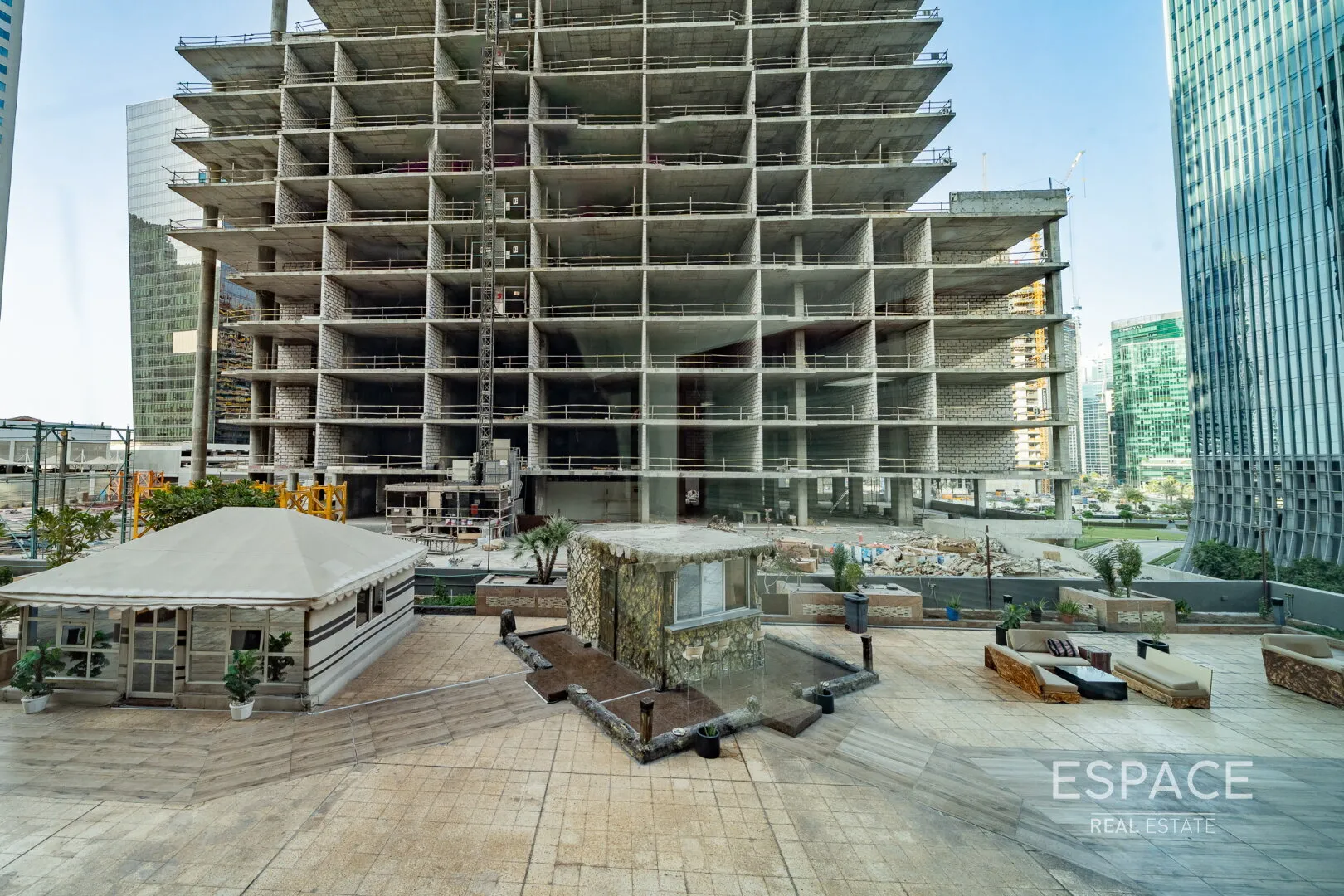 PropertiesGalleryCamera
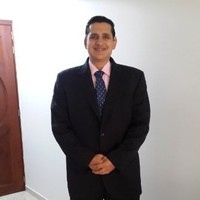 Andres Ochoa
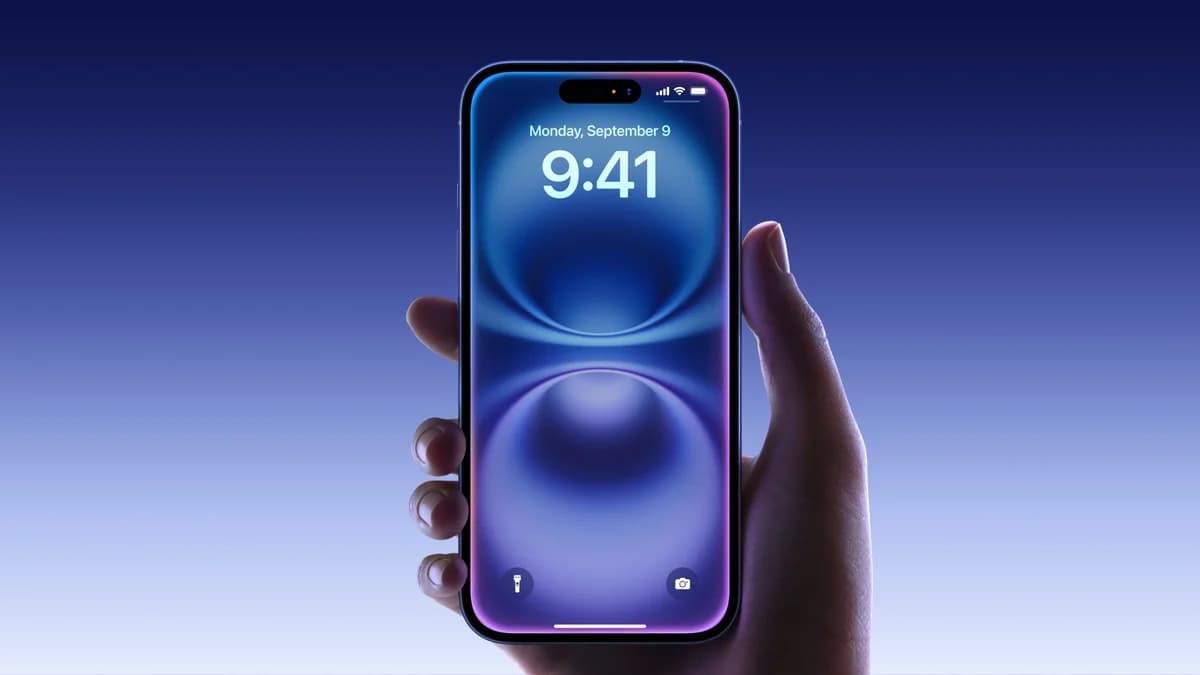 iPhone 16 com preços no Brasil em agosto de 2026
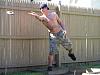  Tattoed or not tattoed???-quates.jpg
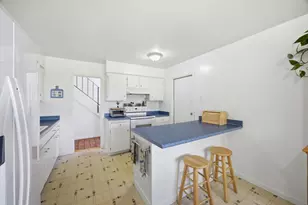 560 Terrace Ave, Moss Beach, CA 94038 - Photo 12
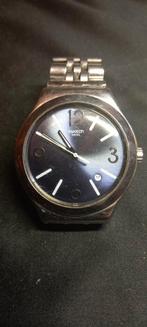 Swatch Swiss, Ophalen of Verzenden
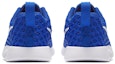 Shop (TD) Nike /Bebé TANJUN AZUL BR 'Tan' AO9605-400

==*==

_Task prompt_: Find the line holding "Swatch Swiss, Ophalen of Verzenden" in the data above. Retype it and every later line exactly, through the end, but not the pictures.

_Exercise response_:
 Swatch Swiss, Ophalen of Verzenden
 Shop (TD) Nike /Bebé TANJUN AZUL BR 'Tan' AO9605-400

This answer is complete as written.